Parallel execution achieved by running multiple processes rather than multiple threads.

Virtual Machine (VM)

A software-based computer used in Phase I to run Ubuntu Linux inside a controlled environment.


Phase II Terms

Array Partitioning

Dividing the input array into non-overlapping ranges so each thread processes a different slice.

Chunk

A contiguous portion of the array assigned to one worker thread.

Join

In Java, join() makes one thread wait until another thread finishes. This is used in Phase II before combining partial sums.

Multithreading

Using multiple threads inside one program to perform work in parallel.

Partial Sum

The local result computed by one worker before all worker results are added together.

Runnable

A Java interface used to define code that can run on a thread. Summer.java implements Runnable.

Sum of Cubes

The Phase II workload where each array value contributes x^3 to the final result.

Thread

A lightweight unit of execution inside a process. Threads share the same memory space but can perform different parts of the work concurrently.

Thread Configuration

The specific number of threads used in one experiment run, such as 1, 2, 4, 6, or 8.

Worker Thread

A thread responsible for computing one assigned portion of the input data.

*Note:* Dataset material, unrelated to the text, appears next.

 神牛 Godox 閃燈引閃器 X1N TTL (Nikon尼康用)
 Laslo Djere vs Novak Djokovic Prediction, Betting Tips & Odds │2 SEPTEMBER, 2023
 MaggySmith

Measurement And Reporting Terms

Average Execution Time

The mean runtime across repeated runs of the same configuration.

Configuration

A specific test setup, such as a chosen matrix size, process count, or thread count.

Controlled Experiment

An experiment where only selected variables change while the rest of the setup stays fixed.

Graph Interpretation

The explanation of what a graph shows and why a trend appears.

Machine Specifications

The hardware and software details of the machine used for the benchmark, such as CPU, RAM, OS, and Java version.

Percentage Improvement

The percentage reduction in execution time compared to the baseline. In this project:

((T1 - Tn) / T1) * 100

Raw Timing Data

The unprocessed run-by-run execution times recorded before averaging.

Reproducibility

The ability for the same setup and method to produce comparable results when the experiment is repeated.